Sayın Bakan, bugün burada sadece bütçe değil Türkiye'nin güvenliğinin, ordumuzun yapısının ve devlet aklının çökertilmesini konuşuyoruz. 669 sayılı KHK'yle Kuvvet Komutanlıkları Genelkurmaydan kopartıldı, Millî Savunma Bakanlığına bağlandı. Türk Silahlı Kuvvetlerinin komutanı olan Genelkurmay Başkanı kuvvet komutanlarına Bakan onayı olmadan emir veremez hâle getirildi. Bu emir komuta birliğinin parçalanması, Genelkurmay Başkanlığının sembolik bir makama çevrilmesi harp prensiplerinin zedelenmesi anlamına gelir. Emir komuta birliğinin olmadığı yerde gayret birliği olmaz; gayret birliğin olmadığı yerde zafer olmaz. Aynı tahribat, Yüksek Askerî Şûrada da yapılmıştır, YAŞ'ın sivil çoğunlukla yönetilmesi liyakati boğmuş, siyaseti orduya sokmuştur, kıdem hiçe sayılmış, teamüller çiğnenmiş, siyasi yakınlık terfinin esasına dönüşmüştür; bu ordunun damarına yandaşlık zehrinin enjekte edilmesidir.

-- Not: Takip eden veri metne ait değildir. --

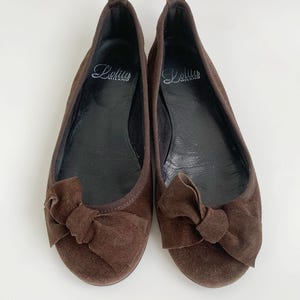 May include: A pair of brown suede ballet flats with a bow detail on the toe. The shoes have a rounded toe and a flat sole. The brand name "Lolita Milano" is printed on the insole.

Sayın Bakanım, 5 teğmenimiz "Mustafa Kemal'in askerleriyiz." diyerek ettiği yemin sonrası Türk Silahlı Kuvvetlerinden ihraç edildi. Fakat bu sırada PYD, HTŞ ortak yapısı içinde görev yapan unsurların Türkiye'de eğitilmesine ses çıkarılmadı. Bu kimliksizleşme değil de nedir? Bugün burada soruyorum: Habur rezaletinden başlayıp Hendek sürecine ardından Terörsüz Türkiye adıyla yeniden ısıtılan ihanet iklimine karşı duracak mısınız? Yoksa aynı kapılar ardında sizde askerî müzakere rüzgarı mı estiriyorsunuz? Bu ihanet sürecindeki gelişmeleri mutluluk içinde mi yoksa koltuğunuzdan olacaksınız diye içinize atarak mı izliyorsunuz?
Sayın Bakanım, bir diğer kritik konu ise askerî sağlık sistemidir. GATA'yı kapattığınız gün aslında cephedeki askerin nefesini kestiniz. Savaşan orduya sivil sağlık mantığıyla hizmet verilemez. Bugün sistemi yeniden kursanız yedi yıl hekim, on beş yıl uzman, yirmi beş yıl tam kapasite gerekmektedir. Zaman yok, bölge sıcak, tehdit büyüyor; bu gecikmenin vebali ağırdır. Askerî yargının kapatılması da aynı yanlıştır, savaşan orduda askerî mahkeme zorunluluktur.
Sayın Bakanım, Türk ordusunu güçlendirmek istiyorsanız önce yapılan hatalarla yüzleşmelisiniz, liyakatsiz terfileri, bitirmelisiniz, siyaseti kışlanın kapısından içeri sokmamalısınız, Genelkurmayı yeniden gerçek komuta makamına döndürmelisiniz, askerî sağlık ve askerî yargıyı yeniden kurmalısınız ve en önemlisi Türk ordusunu ihanet süreçlerinin pazarlık masalarından sonsuza kadar uzak tutmalısınız diyor, heyeti saygıyla selamlıyorum.